If memory serves, and it doesn’t always, 5th grade was my last year at Meadowlark Elementary School. And two things stand out. Or rather the shame and embarrassment of them burn still.
The first was my first experience with what we here in Utah call “maturation.” But I’m pretty sure in Oregon they just called it sex ed. It was the first day of the class (which, now that I think about it, is kind of weird. In Utah you go to a two-hour presentation one time in 5th grade–and maybe again in 6th? I don’t know. But in Oregon it seems like we had an entire until of instruction. Maybe 6 weeks? Sheesh. Even a whole week would have seemed a little bit much for 5th graders.)
In any case. It was the first day of class. I wasn’t terribly embarrassed about the subject matter, although it was all news to me. But what made my face go beet red and raised my blood pressure and my body temperature to dangerous levels was when I heard–for the very first time, right there in 5th grade with my 5th grade peers, male and female alike–the correct anatomical terms for male and female sex organs.
I was the oldest of 6 kids. (I was about to write “I lived on a farm,” but, I’ll give myself a pass, because we didn’t move out to the farm until the next year.) And I had not the remotest clue. And for some reason discovering my ignorance felt shameful.
And so you can bet my kids knew the correct names for every part of their bodies whether or not they chose to call them by their proper names.

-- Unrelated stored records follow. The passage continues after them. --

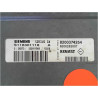 CALCULATEUR MOTEUR RENAULT CLIO II PH.2 CAMPUS 09-12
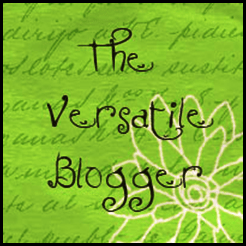 versatile-blogger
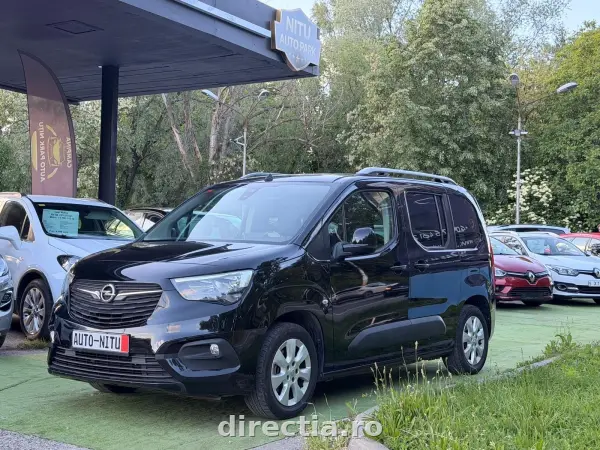 Poza anunț 4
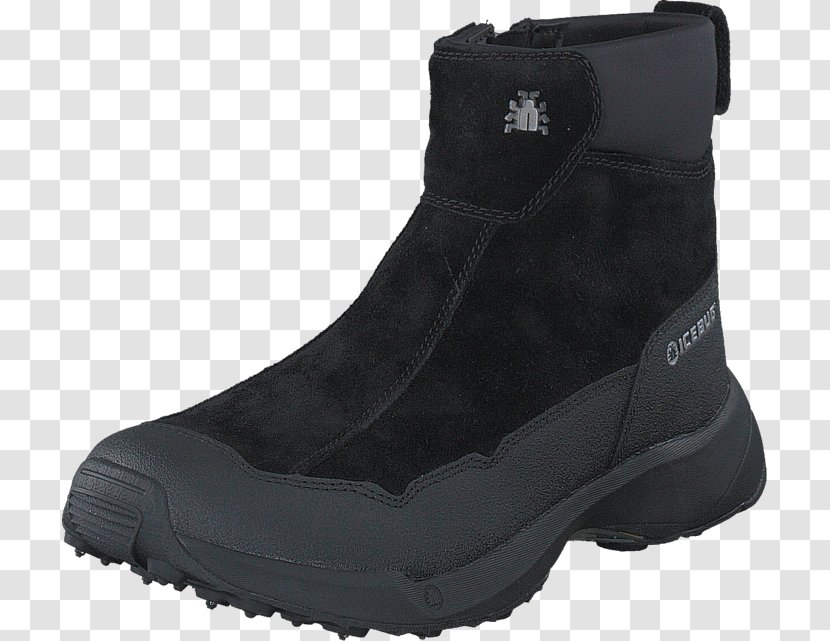 Amazon.com Hiking Boot Shoe Chukka - Work Boots Transparent PNG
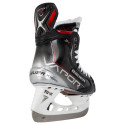 Bauer Vapor 3X Sr 1058343 Hockey Skates (11.0)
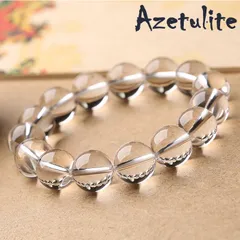 2025年最新】ザギマウンテンクォーツの人気アイテム - メルカリ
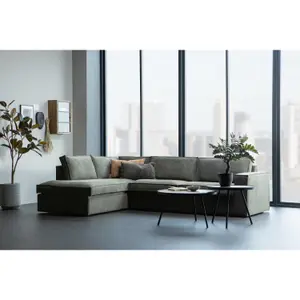 Hoekbank links Woood Freddie image-3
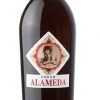 Hidalgo Alameda Cream Sherry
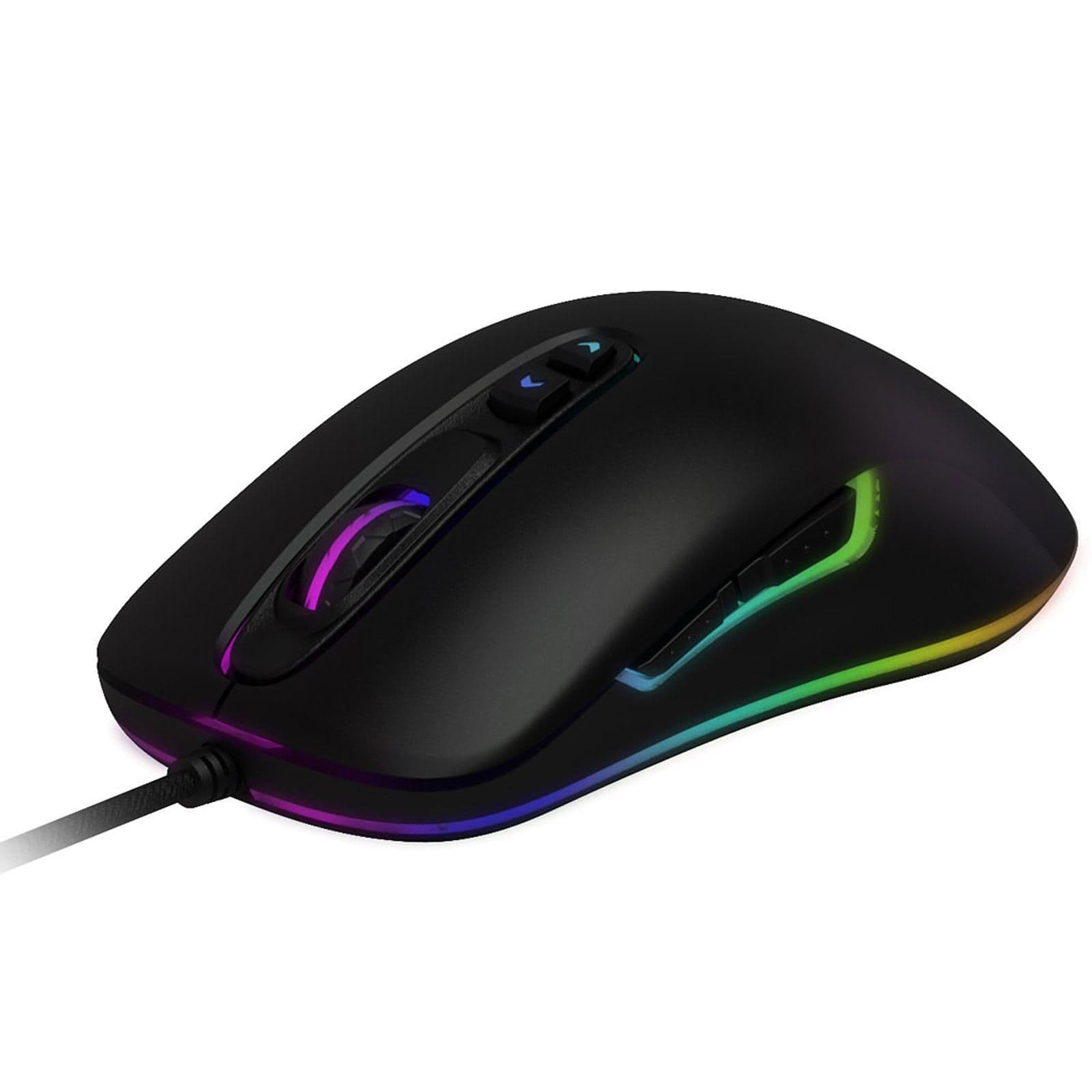 QPAD DX30 2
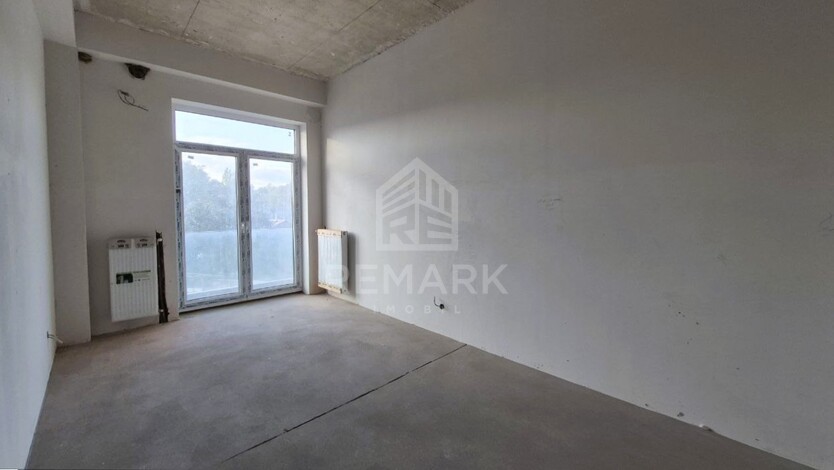 photo244584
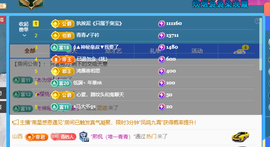 远扬、青青青青青青青的图片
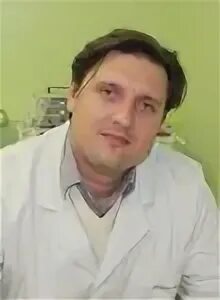 Урологии коломна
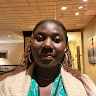 Bunmi Oladele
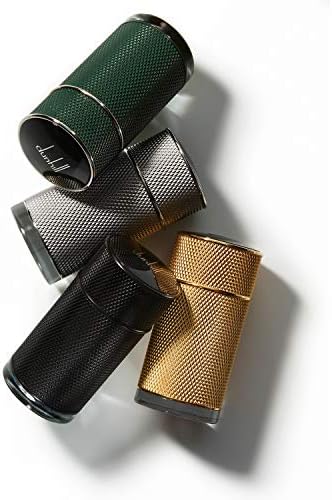 Alfred Dunhill Icon Elite For Men Eau De Parfum Spray 3 4 Ounce Amazon Sg Beauty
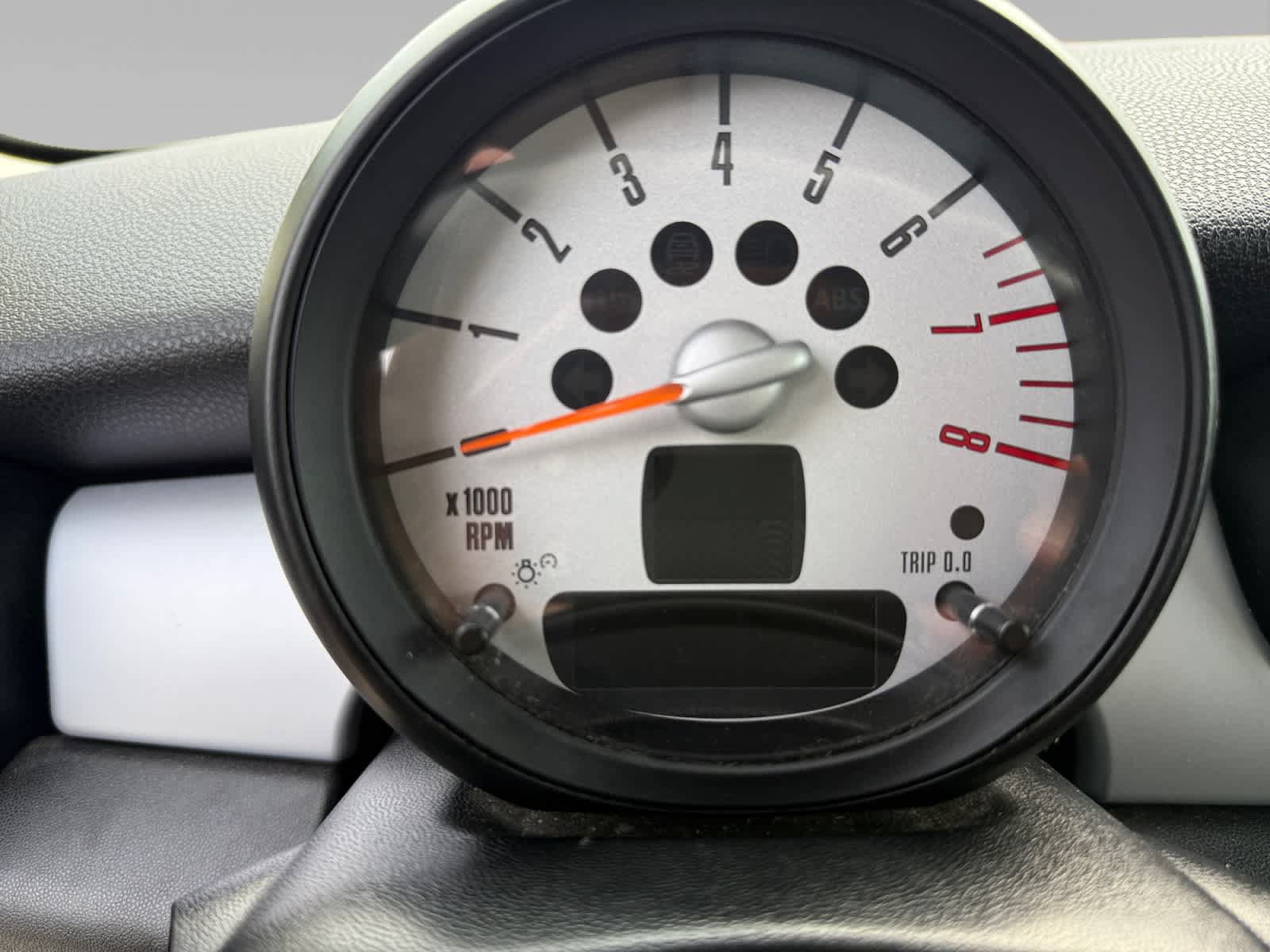 Used 2013 MINI Cooper Hardtop FWD image 14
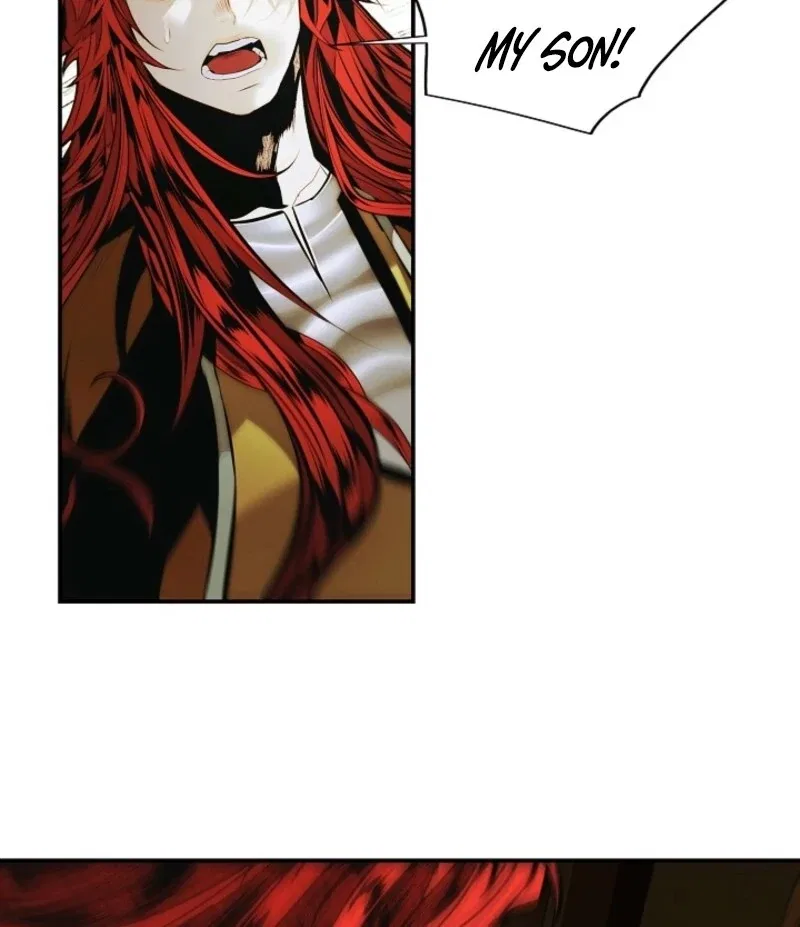 MookHyang – Dark Lady Chapter 271 – Page 47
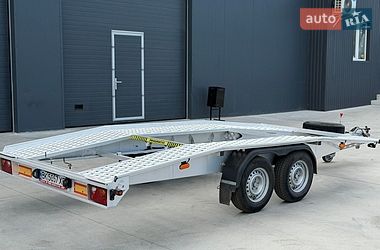 pragmatec a7 2023 в Дубно от профессионального продавца Олег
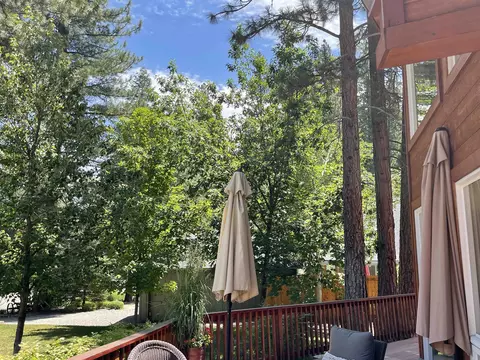 17 Navajo Trl, Graeagle, CA 96103 photo 30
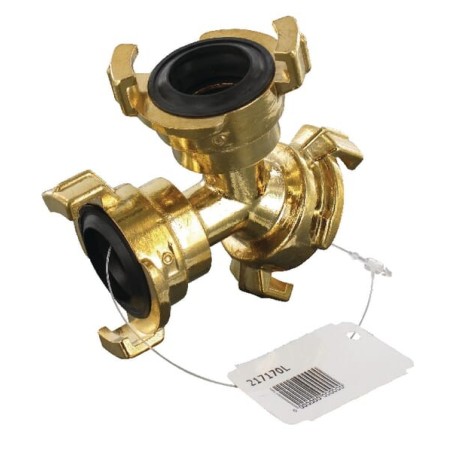Geka system – produkty dostępne w rolniczeczesci.pl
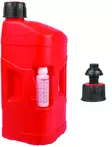 Polisport ProOctane 20 L with standard c - Dunkar - D155541 - 1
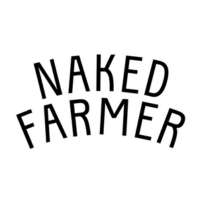Naked Farmer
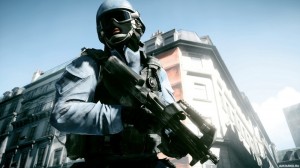 Создать мем: аватарка бателфилд 3, battlefield 3 russian, battlefield v аватары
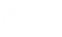 Zabezpečeno SSL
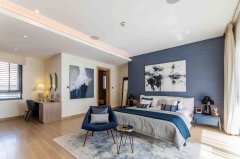 �ϰݷ������װ�����أ��ϰ�ѧ����������Ŀ���̣�Waves G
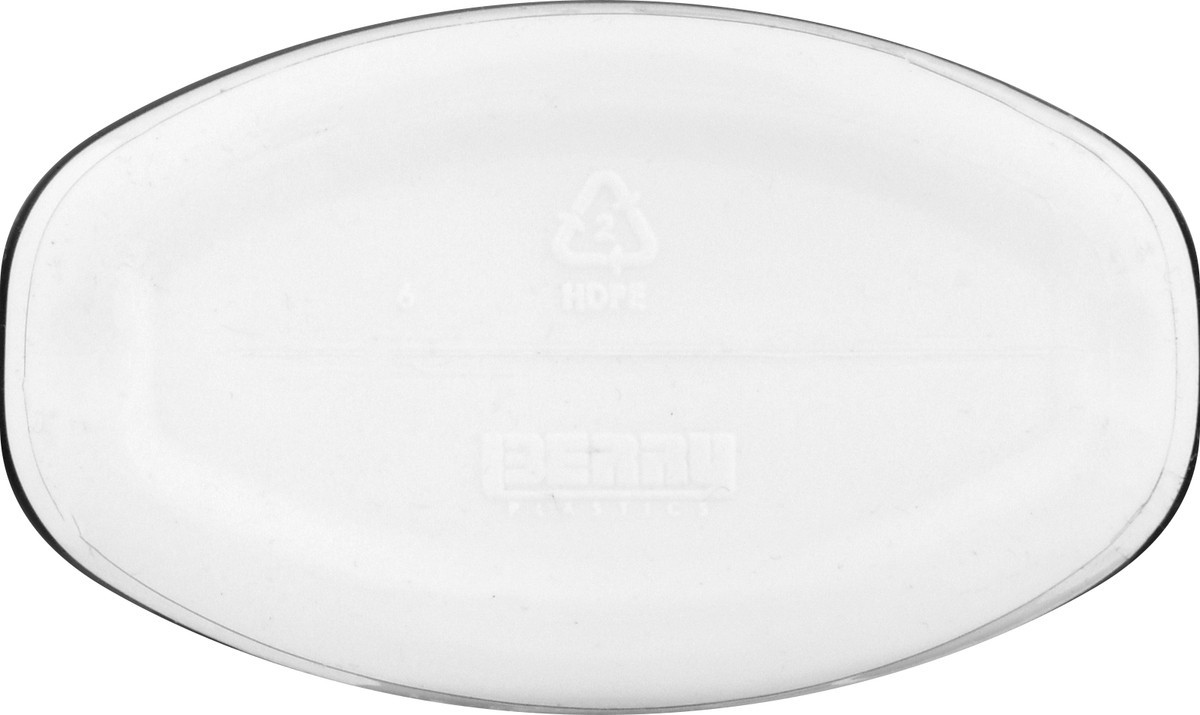 slide 5 of 10, California Farms Sauce, Organic, Mint Chocolate - 15.8 oz, 15.8 oz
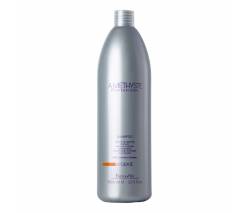 Farmavita Amethyste Hydrate: Шампунь  для сухих и поврежденных волос (Hydrate Shampoo), 1000 мл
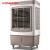 康佳（KONKA）空调扇/冷风扇/移动型蒸发式水冷工业商业冷风机/冷气机冷气扇KF-LY316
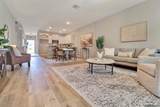 2909 Palatine Pl - Photo 23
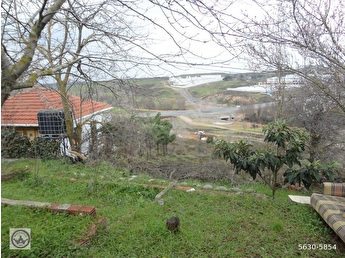 tumu mustakil ev kiralik istanbul tuzla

The other thing that happened was I got played. Betrayed. Humiliated. (Perhaps the reason the primary things I recall about 5th grade are humiliating is because 5th grade is just that time in your life where everything is humiliating? And 6th. Most definitely 7th. 8th…)
There was a boy I liked. He was in 6th grade. I don’t remember his name. But he pretended to like me. In fact he even passed me a note telling me he liked me. I remember that queasy but tingling feeling that began in my stomach but went all the way down to my toes and, at the same time, kind of made my head spin a little. I remember that feeling because it was the same feeling I felt every time I had a crush on a boy and I found out he liked me. It was also always short lived. Because them liking me back was always the death knell for romance. Fear replaced anticipation along with any kind of attraction and I was just done.
But I digress. In this case the actual facts of the matter were this boy did not like me. In fact he and another girl I had thought was my friend (and thus began a good twenty years of not being particularly fond of girls, either, for true girlfriends were few and far in between) were in fact pranking me. The entire point of their little hand-written declaration of interest was to get me to respond, as which time they both too great delight in dashing my hopes and mocking my pain to humiliate me.
So yeah. 5th grade. It was not a very good year.